このレターが当てられた人物は、国際テロにも関わっているとされるタリバンの最強硬派「ハッカニ・ネットワーク」やイスラム国などによるテロ行為に関して、アメリカやイギリスと連携して調査活動に当たっていたとされており、タリバンはそれらの諜報活動に携わっていた重要人物を特に標的として、強く揺さぶりをかけているものとみられる。

国際機関と協力してきた人権活動家も標的に

国際機関と協力して活動してきた人権活動家のアブドゥルさん(仮名)も、初日に身の危険を感じて友人の家にかくまってもらったという。しかし、いよいよ身に迫る危険を感じるなか、ついに8月23日、ある先進国の援助で自宅まで車が手配され、家族を連れて空港へと文字どおり決死の脱出をしたという。

空港までの道中でこっそりと撮ったという唯一の写真には、囲いも屋根もない軽トラックのような車両の荷台に丸腰で乗っている妻と幼い子どもたちの姿が写っていた。数日前に国外退避のため空港まで向かった兄夫婦から、現地の危険な状況を耳にしていたことから、無事に空港内までたどり着くことができるのか不安を抱えていたのか、表情は固くこわばっているように見える。

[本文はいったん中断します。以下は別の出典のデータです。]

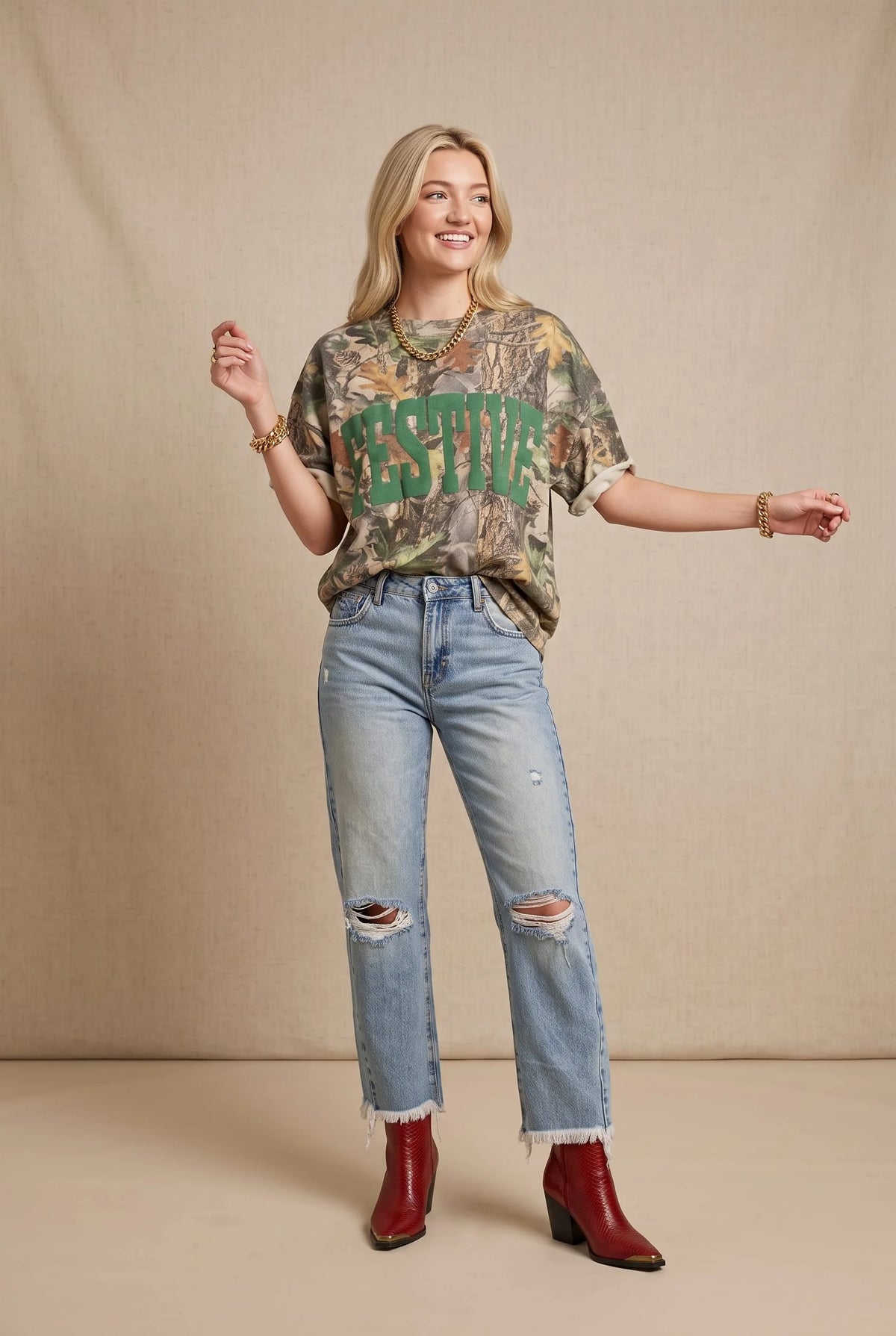 PREORDER Festive Vintage Wood Camo Heavy Tee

アブドゥルさんも「私はタリバンの“ブラックリスト”に確実に記載されている」と言い、自宅にいると妻や子どもの身にまで危険が迫ることから、アフガニスタンの平和と安定を目指して活動してきた思いを道半ばで残し、祖国を後にすることになった。

ロイター通信は8月21日、タリバン高官が「野蛮な振る舞いがあることは把握しており、責任を持って対処する」と述べたと伝えている。アフガン全土掌握後、タリバンはアメリカへの協力者や政府職員らに対する「恩赦」を発表、融和的な姿勢を国内外に向け懸命に強調している。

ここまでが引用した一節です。